No citaríamos los delirios visionarios de Lieberman si creyésemos que está totalmente fuera de la realidad. Lamentablemente, representa la realidad. Cuando habla de transferir territorios con población, basa sus palabras en la realidad existente que viven los ciudadanos árabes de Israel. La discriminación que se les inflige, la hostilidad, el abandono en todos los ámbitos -desde la educación primaria a la falta de desarrollo industrial- y la ausencia absoluta de vida cultural, crean un suelo fértil para los racistas como Lieberman. A Jaim Herzog, representante de Israel ante Naciones Unidas en 1975, se le recuerda por haberse puesto en pie en el podio de la Asamblea General levantando una resolución de la ONU que equipara el sionismo al racismo, y haber roto el papel en pedazos. Hoy, 35 años más tarde, Lieberman se sitúa en el podio y, en nombre del Estado de Israel, declara el deseo que tiene su país de librarse de sus ciudadanos árabes.
La «verdad» de Lieberman viene a demostrar que la razón de que se mantenga el conflicto actual no es el rechazo palestino a aceptar el Estado judío, sino la negativa de Israel a aceptar la existencia de un pueblo palestino y su derecho a un Estado propio. Dos intifadas y varias guerras han obligado a la opinión pública israelí y a sus principales partidos políticos a renunciar a la visión del Gran Israel. Netanyahu, en su discurso de Bar Ilan, se declaró a favor de una solución de dos Estados, pero sus palabras se han quedado en agua de borrajas: ni él ni ningún otro líder israelí está dispuesto a soportar las consecuencias de esa idea, a saber, ordenar a los colonos que abandonen sus casas y sus sueños.

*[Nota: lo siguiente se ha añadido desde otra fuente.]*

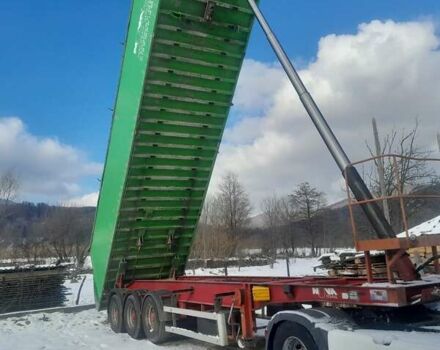 Червоний Новатрейл СКІ, об'ємом двигуна 0 л та пробігом 500 тис. км за 19000 $, фото 6 на Automoto.ua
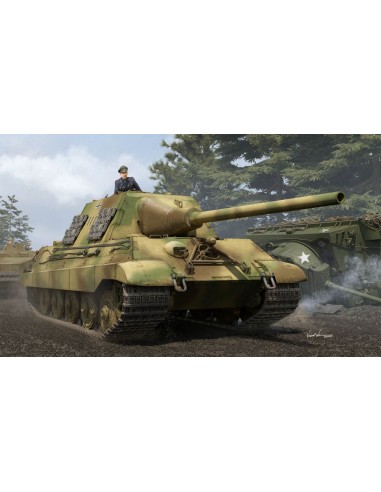 German Sd.Kfz.186 Jagdtiger (Henschel Production)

Tanto Lieberman como Netanyahu se engañan si piensan que cuentan con «varias décadas» para hacer comulgar al mundo con ruedas de molino. Entre el Estado de Israel más los territorios que ocupa, el equilibrio demográfico ya está próximo al 50-50. En unas décadas, (por mencionar sólo uno de los muchos escenarios), los árabes serán ya una mayoría neta, e Israel en tanto que Estado judío, perderá cualquier reclamación de ser una democracia. ¿Tolerarán los países la situación de respaldar un Estado judío a cualquier precio? En Israel, ¿irán los jóvenes a la guerra?, ¿estarán sus padres dispuestos a enviarlos a la guerra en aras de defender el apartheid? Tal es la herencia que lega Lieberman a las generaciones venideras. Tal es el significado de su «verdad».